Goodbye Texas, Hello Oklahoma

Hello again,

Amarillo to Tulsa. We planned a stop at a State Park, a detour to a Tallgrass area (but how interesting would that be in February?), and then heavy rain made this a simple "let's get there' road trip.

Before leaving Texas we encountered another wind project - again mostly to the north of the highway, and stretching along that horizon as far as I could see ahead and behind. Also more smaller projects here and there. Texas: oil, cattle, wind turbines. Miles and miles. I keep bringing this up because I am so impressed at the scale of the investment.

In Oklahoma, more cattle, oil, and wind turbines, but not quite on the same scale, at least from what we saw in our limited survey.

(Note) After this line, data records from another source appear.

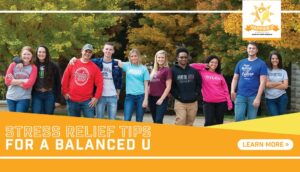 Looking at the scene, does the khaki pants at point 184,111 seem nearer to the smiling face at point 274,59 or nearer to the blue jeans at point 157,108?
the blue jeans at point 157,108

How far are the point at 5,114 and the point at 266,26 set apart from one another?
685cm

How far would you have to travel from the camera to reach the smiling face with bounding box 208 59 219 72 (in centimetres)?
1170

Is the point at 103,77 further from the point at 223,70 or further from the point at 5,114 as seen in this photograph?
the point at 223,70

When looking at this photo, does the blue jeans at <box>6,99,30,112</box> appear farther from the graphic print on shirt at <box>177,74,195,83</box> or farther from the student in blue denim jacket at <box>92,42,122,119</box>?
the graphic print on shirt at <box>177,74,195,83</box>

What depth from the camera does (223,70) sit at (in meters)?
27.5

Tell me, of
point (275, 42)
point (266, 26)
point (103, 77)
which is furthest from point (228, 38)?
point (103, 77)

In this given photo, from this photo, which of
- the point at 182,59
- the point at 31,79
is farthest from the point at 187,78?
the point at 31,79

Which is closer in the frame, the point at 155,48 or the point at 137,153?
the point at 137,153

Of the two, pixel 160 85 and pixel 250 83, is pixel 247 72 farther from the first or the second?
pixel 160 85

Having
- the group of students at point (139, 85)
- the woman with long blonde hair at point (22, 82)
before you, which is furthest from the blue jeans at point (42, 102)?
the woman with long blonde hair at point (22, 82)

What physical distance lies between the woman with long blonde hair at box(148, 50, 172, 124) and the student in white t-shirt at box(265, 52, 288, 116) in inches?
71.5

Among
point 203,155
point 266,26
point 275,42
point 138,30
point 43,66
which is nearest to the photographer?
point 203,155

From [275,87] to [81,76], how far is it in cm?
346

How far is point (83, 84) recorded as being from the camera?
11062 millimetres
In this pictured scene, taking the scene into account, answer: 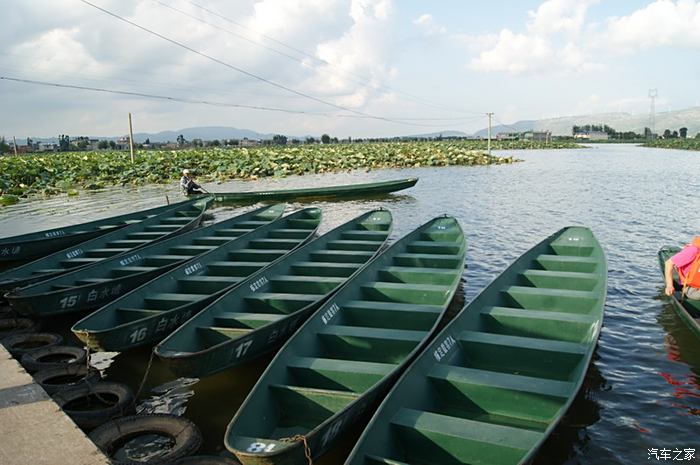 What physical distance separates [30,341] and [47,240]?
19.9 ft

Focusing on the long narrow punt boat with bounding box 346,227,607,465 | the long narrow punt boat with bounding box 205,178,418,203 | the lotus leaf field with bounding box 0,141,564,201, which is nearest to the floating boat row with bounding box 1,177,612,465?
the long narrow punt boat with bounding box 346,227,607,465

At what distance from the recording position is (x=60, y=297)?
9.31m

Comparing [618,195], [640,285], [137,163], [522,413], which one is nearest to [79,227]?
[522,413]

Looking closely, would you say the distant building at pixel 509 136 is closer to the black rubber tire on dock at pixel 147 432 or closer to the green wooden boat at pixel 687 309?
the green wooden boat at pixel 687 309

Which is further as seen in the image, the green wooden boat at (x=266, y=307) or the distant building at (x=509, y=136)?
the distant building at (x=509, y=136)

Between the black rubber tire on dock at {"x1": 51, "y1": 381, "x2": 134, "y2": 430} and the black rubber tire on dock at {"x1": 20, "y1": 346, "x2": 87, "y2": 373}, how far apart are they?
989 millimetres

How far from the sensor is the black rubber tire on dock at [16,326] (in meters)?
9.50

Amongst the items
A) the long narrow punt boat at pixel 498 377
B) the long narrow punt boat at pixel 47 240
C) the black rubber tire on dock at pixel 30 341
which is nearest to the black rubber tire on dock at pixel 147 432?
the long narrow punt boat at pixel 498 377

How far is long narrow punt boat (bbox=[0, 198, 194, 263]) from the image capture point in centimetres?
1357

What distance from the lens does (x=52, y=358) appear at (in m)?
8.48

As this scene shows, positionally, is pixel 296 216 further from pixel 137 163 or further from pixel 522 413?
pixel 137 163

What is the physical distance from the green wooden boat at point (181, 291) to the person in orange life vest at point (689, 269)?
23.9 ft

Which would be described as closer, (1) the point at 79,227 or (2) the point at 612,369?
(2) the point at 612,369

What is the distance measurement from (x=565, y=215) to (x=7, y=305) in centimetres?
2016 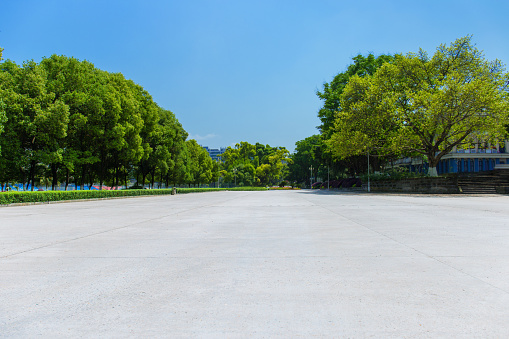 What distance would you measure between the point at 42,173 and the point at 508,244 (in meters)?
46.9

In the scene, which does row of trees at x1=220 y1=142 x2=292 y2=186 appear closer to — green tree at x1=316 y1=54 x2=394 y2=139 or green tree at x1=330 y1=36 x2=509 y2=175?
green tree at x1=316 y1=54 x2=394 y2=139

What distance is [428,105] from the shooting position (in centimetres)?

To bypass Oklahoma City we detoured off of the Interstate to sample the countryside. Looked much like home, at least compared to the dramatic topography of Arizona and New Mexico. Fields, cattle, oil pumps, small towns. Fast travelling transport trucks took any fun out of the drive so I headed back the easy-driving Sunday Interstate.

One whole day and not one photo. Not even on the phone. It was a straight through drive, really.

So let's just go on a virtual detour to colour this place up a bit. In backing up photos yesterday I happened upon this one from a trip in 2017.


This is a Great Green Macaw in I photographed in Costa Rica during a February 2017 escape from Ontario winterland. We visited a sanctuary working to help grow the numbers of these amazing birds.

I hope that is suitable compensation for a lack of pics of rain-swept Oklahoma agricultural landscapes. There is a lot of ag history here, for example the cattle trade over the last 110 years. But time and weather didn't allow exploration. Next time.

Tomorrow we aim for St Louis and then two more legs and we're home. Then maybe I'll find time (?) to go back and fill in some more photos of the amazing places we visited on this trip.